**Exercise**
Set down all of the records below exactly, please, omitting the images.

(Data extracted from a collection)
────
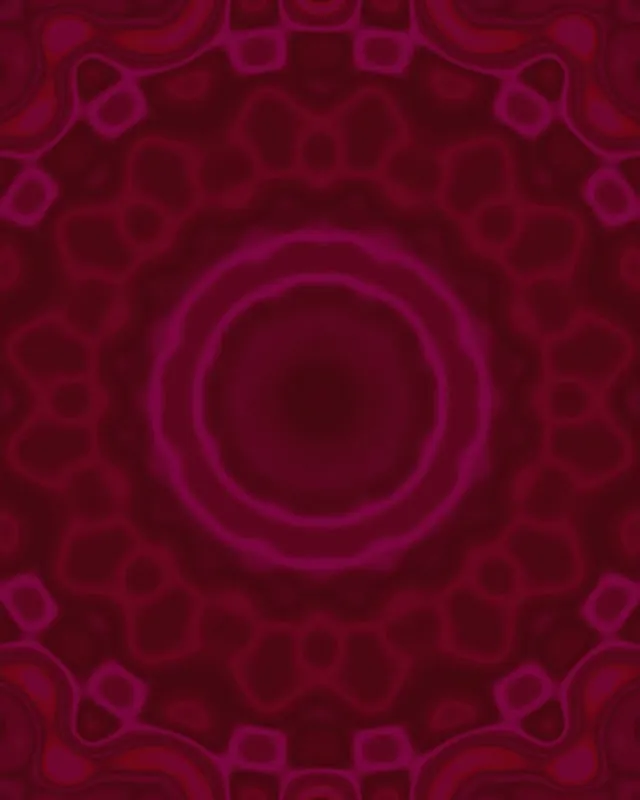 Magenta Väre Mandala Neontunneli VJLoops 4:5 Instagram 60fps Näytönsäästäjä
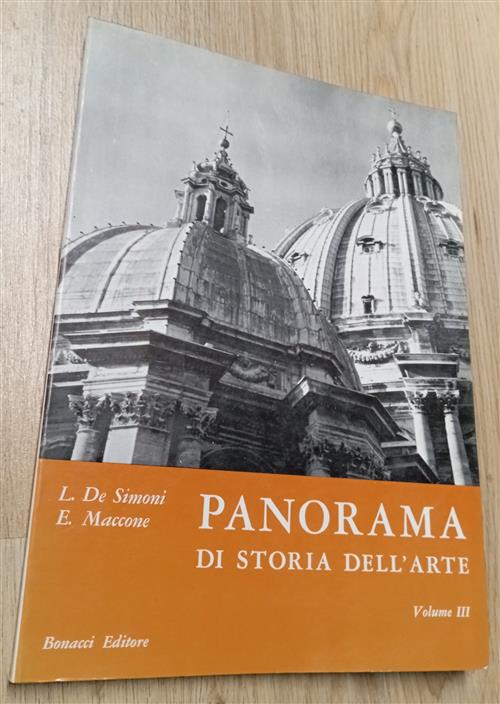 Panorama Di Storia Dell'arte. Per Il Liceo Scientifico. Vol. 3 Luigi De Simoni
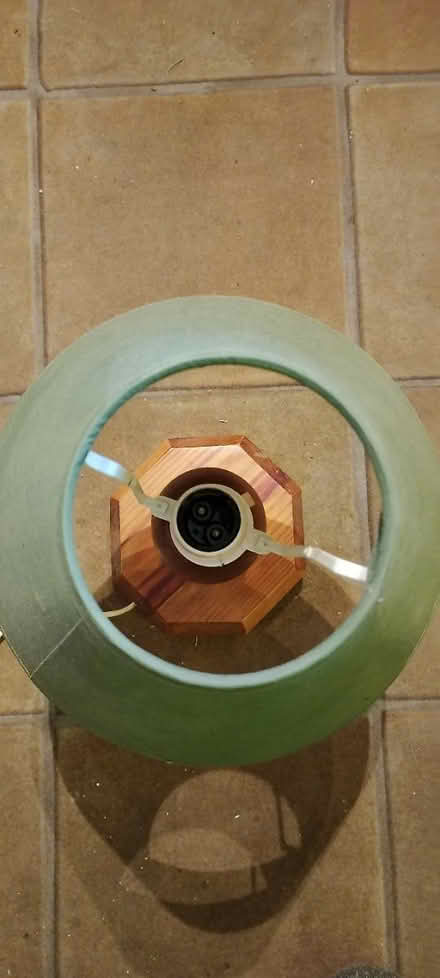 Photo of free Table lamp ( wooden base) (Eastbourne BN21 2) #2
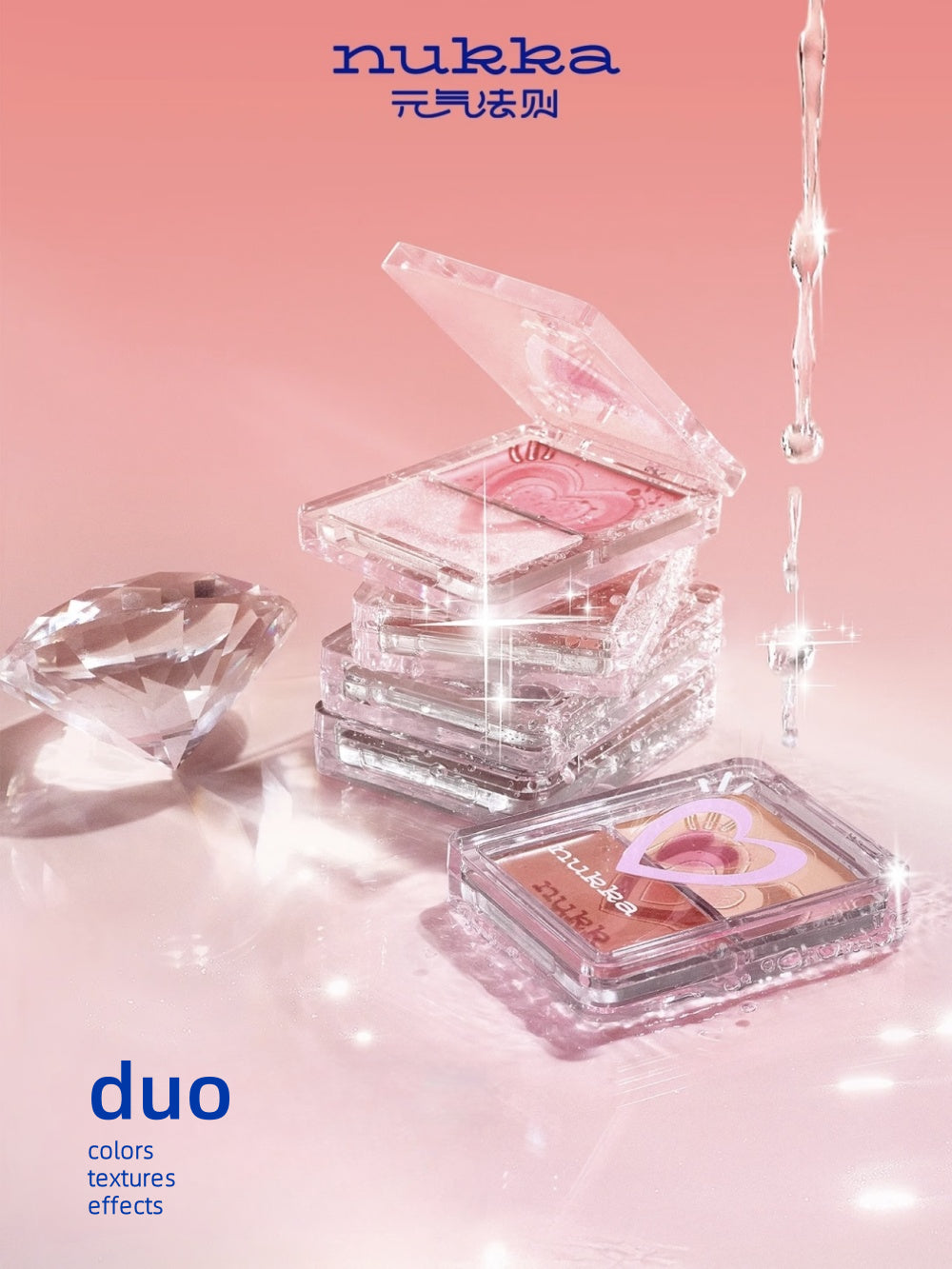 nukka - Dewy Glow Blush Palette 5g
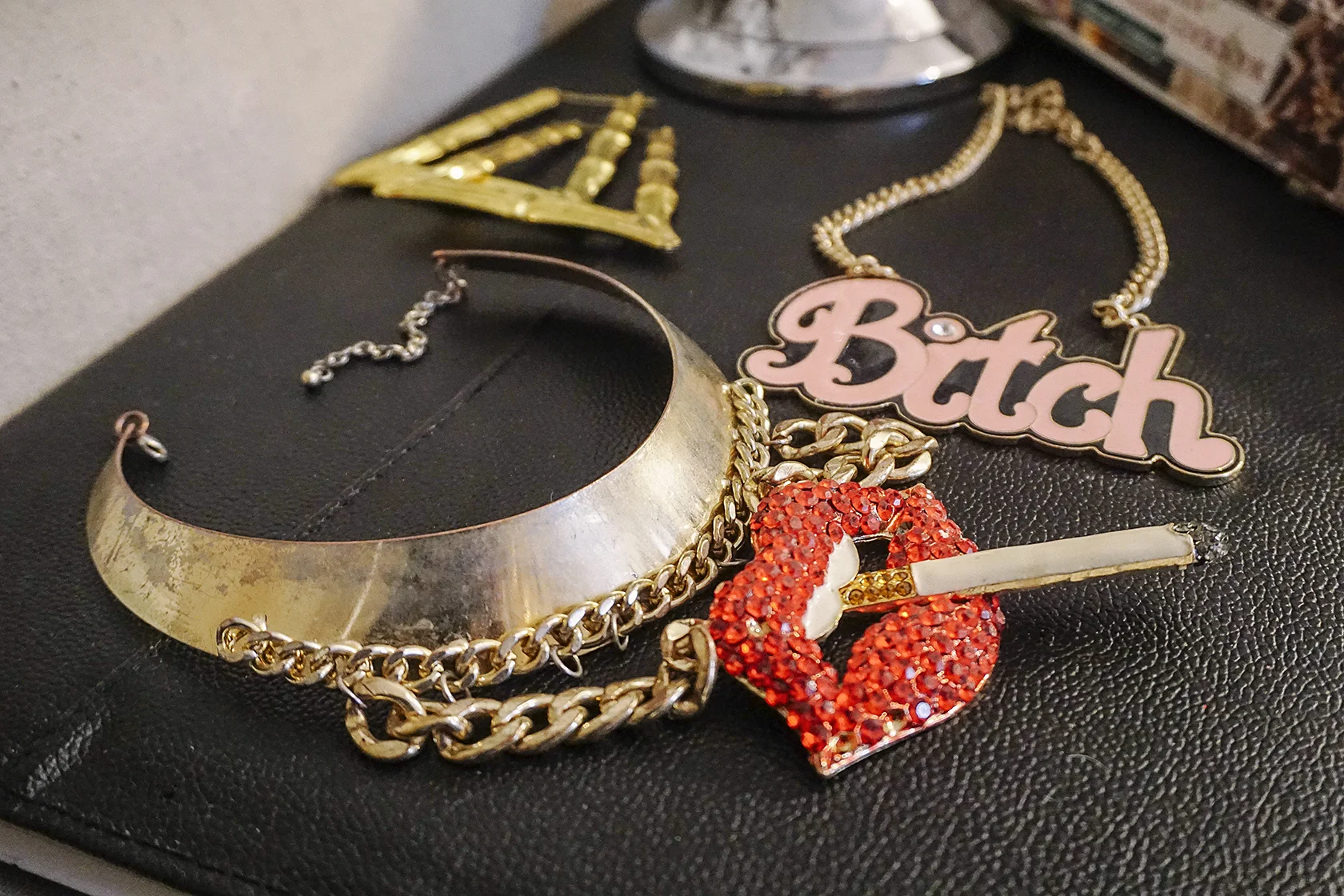 A few of Karl’s accessories. Photo by Jaypix.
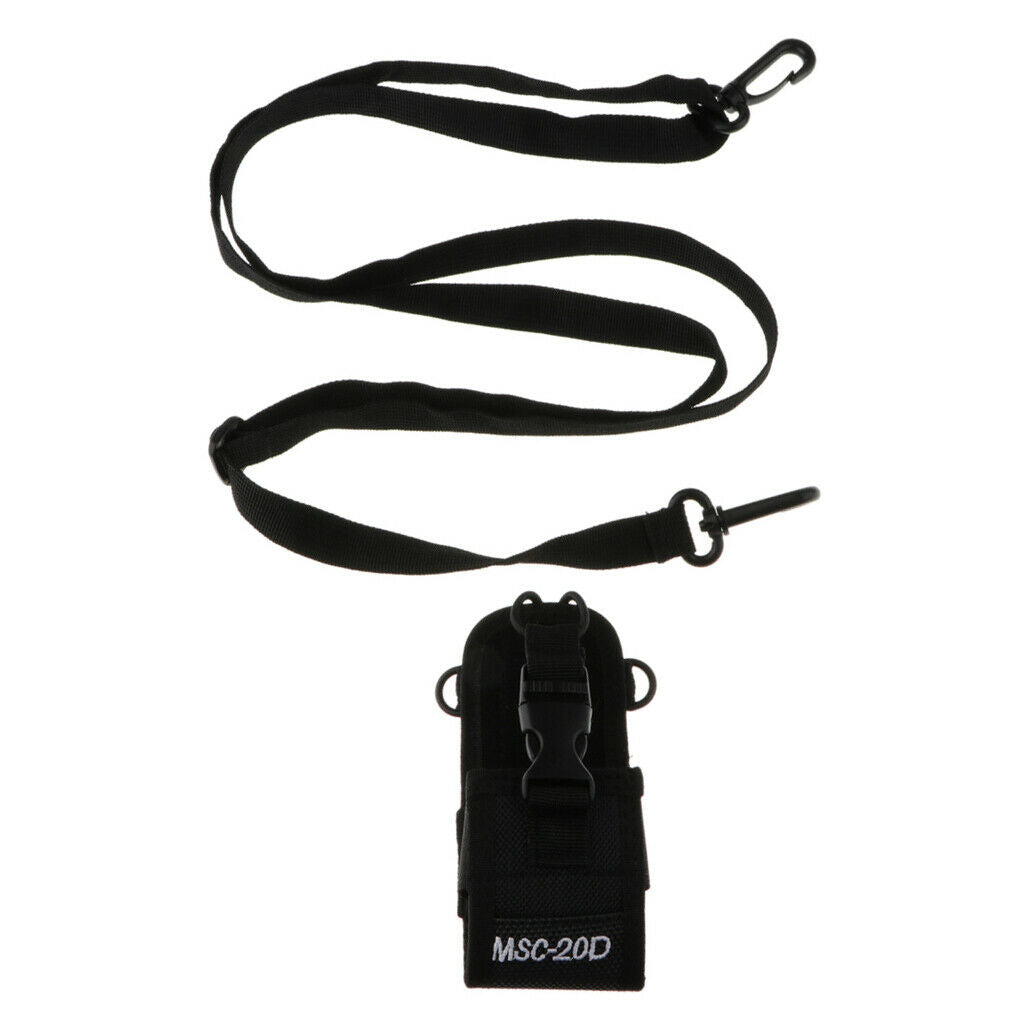 Walkie Talkie Nylon Belt Pouch with Adjustable Shoulder Strap Two Ways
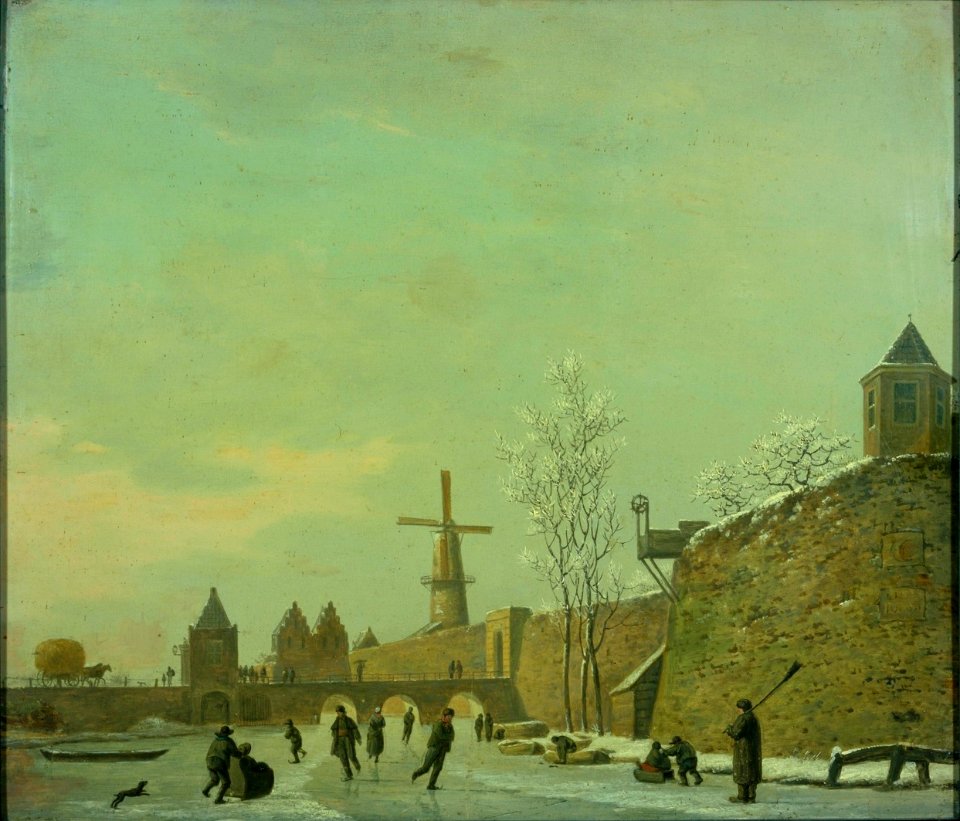 De Tolsteegpoort en omgeving te Utrecht Centraal Museum 2332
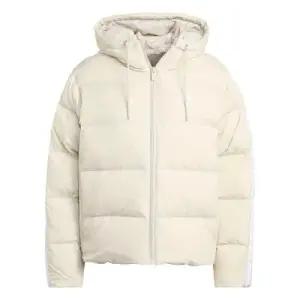 에센셜 클라이마웜 3-스트라이프 푸퍼 다운 후드 재킷 JM4107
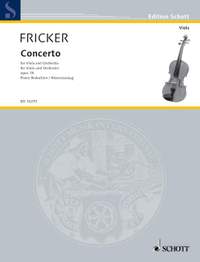 Fricker, P R: Concerto op. 18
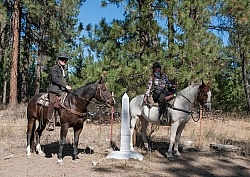 On The Trails with Bar W , Canada U.S Border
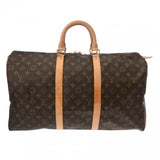 LOUIS VUITTON ルイヴィトン モノグラム キーポル 50 ブラウン M41426 ユニセックス モノグラムキャンバス ボストンバッグ Aランク 中古 銀蔵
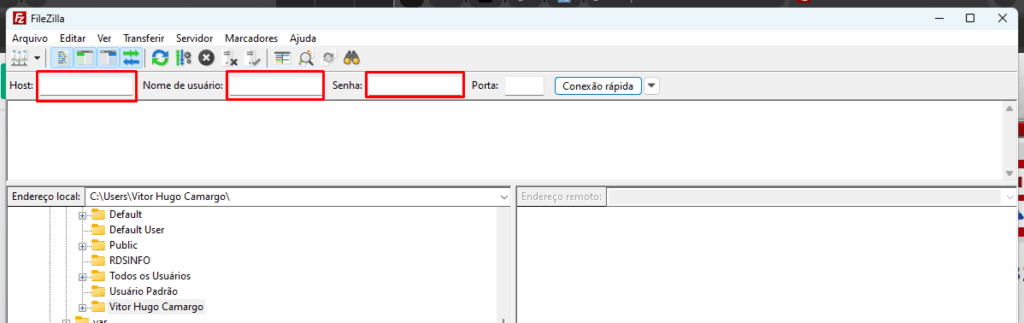 Conectando via SFTP (FileZilla, WinSCP, etc.) 5 image 254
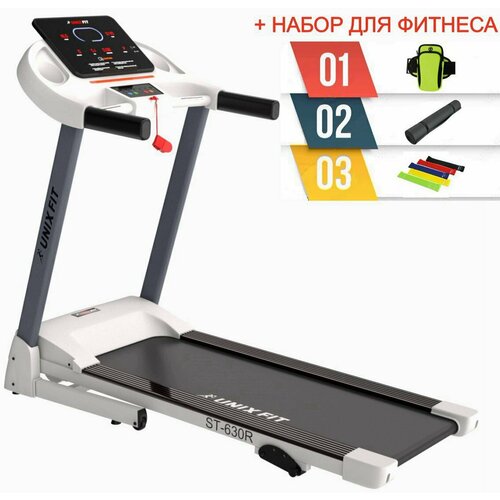 фото Беговая дорожка unixfit st-630r white + набор для фитнеса unix fit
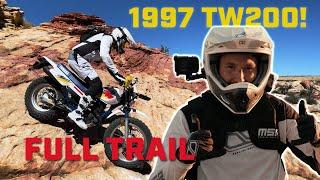 Yamaha TW200 Takes on 5 Miles of Hell - Full Trail POV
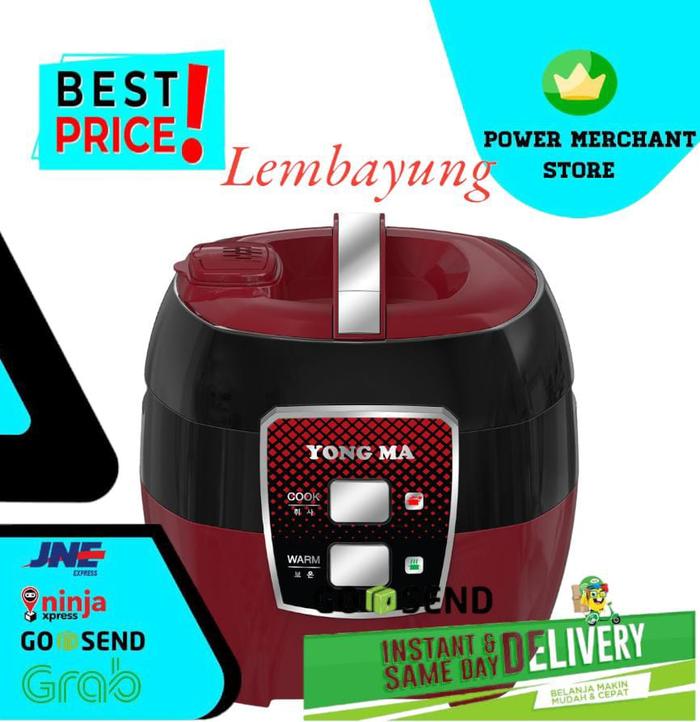 Gambar YONG MA SMC-8033 Magic Com 2 Liter Gold Iron - Merah dari Toko Lembayung Online undefined Tokopedia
────
**Output of the task**
 Magenta Väre Mandala Neontunneli VJLoops 4:5 Instagram 60fps Näytönsäästäjä
 Panorama Di Storia Dell'arte. Per Il Liceo Scientifico. Vol. 3 Luigi De Simoni
 Photo of free Table lamp ( wooden base) (Eastbourne BN21 2) #2
 nukka - Dewy Glow Blush Palette 5g
 A few of Karl’s accessories. Photo by Jaypix.
 Walkie Talkie Nylon Belt Pouch with Adjustable Shoulder Strap Two Ways
 De Tolsteegpoort en omgeving te Utrecht Centraal Museum 2332
 에센셜 클라이마웜 3-스트라이프 푸퍼 다운 후드 재킷 JM4107
 Fricker, P R: Concerto op. 18
 On The Trails with Bar W , Canada U.S Border
 LOUIS VUITTON ルイヴィトン モノグラム キーポル 50 ブラウン M41426 ユニセックス モノグラムキャンバス ボストンバッグ Aランク 中古 銀蔵
 Conectando via SFTP (FileZilla, WinSCP, etc.) 5 image 254
 фото Беговая дорожка unixfit st-630r white + набор для фитнеса unix fit
 Yamaha TW200 Takes on 5 Miles of Hell - Full Trail POV
 Gambar YONG MA SMC-8033 Magic Com 2 Liter Gold Iron - Merah dari Toko Lembayung Online undefined Tokopedia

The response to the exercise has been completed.